DATASET EXCERPTS
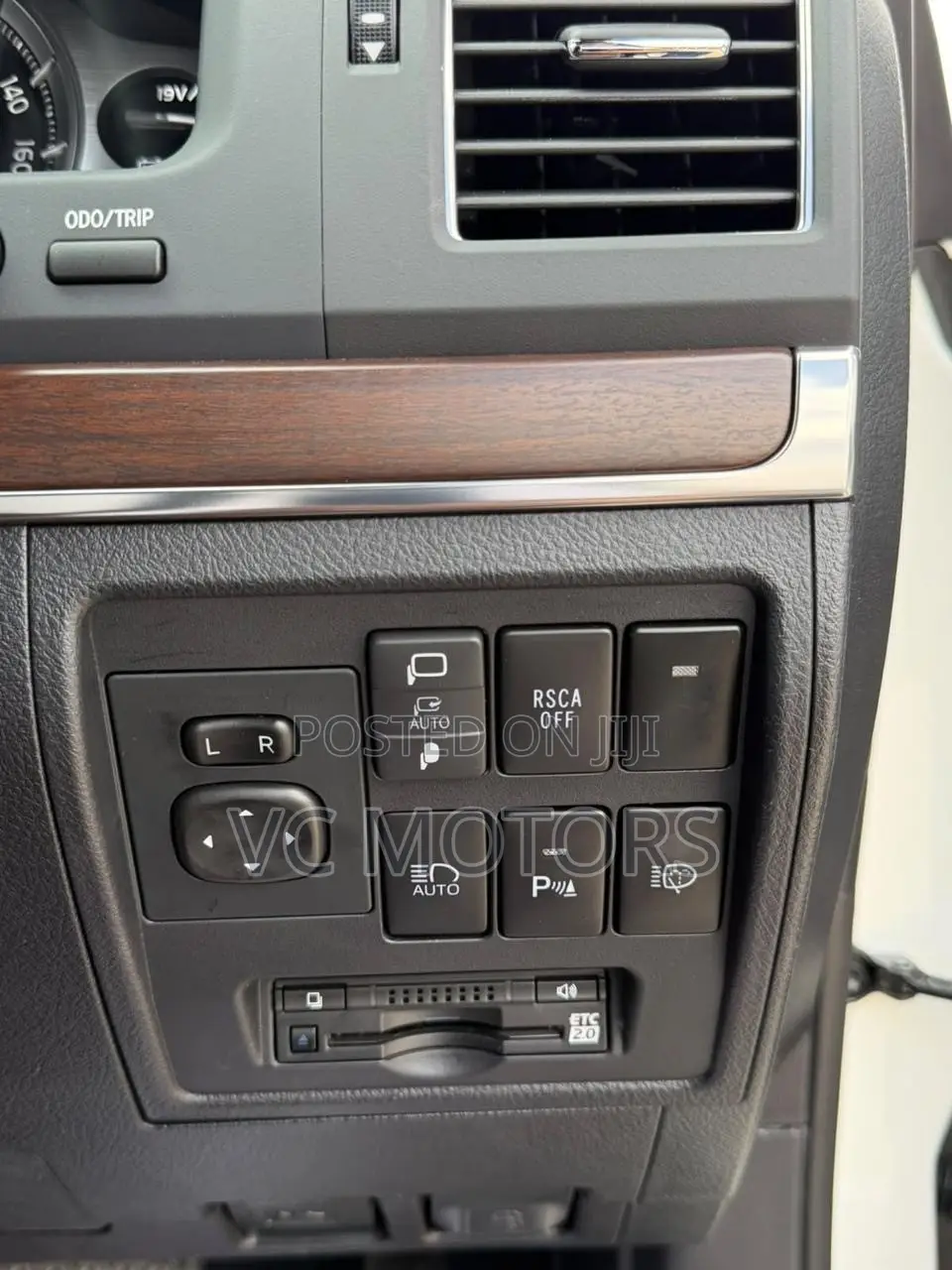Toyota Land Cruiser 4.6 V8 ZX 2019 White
* * *
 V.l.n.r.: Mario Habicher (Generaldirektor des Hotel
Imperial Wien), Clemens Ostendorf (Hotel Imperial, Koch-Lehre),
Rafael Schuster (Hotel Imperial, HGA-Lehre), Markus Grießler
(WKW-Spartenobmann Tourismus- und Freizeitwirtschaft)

PROBLEM
Please output the lines of the listing above that fall in the stretch from the one with "Imperial Wien), Clemens" through the one with "(WKW-Spartenobmann Tourismus- und", exactly and only those.

RESPONSE
Imperial Wien), Clemens Ostendorf (Hotel Imperial, Koch-Lehre),
Rafael Schuster (Hotel Imperial, HGA-Lehre), Markus Grießler
(WKW-Spartenobmann Tourismus- und Freizeitwirtschaft)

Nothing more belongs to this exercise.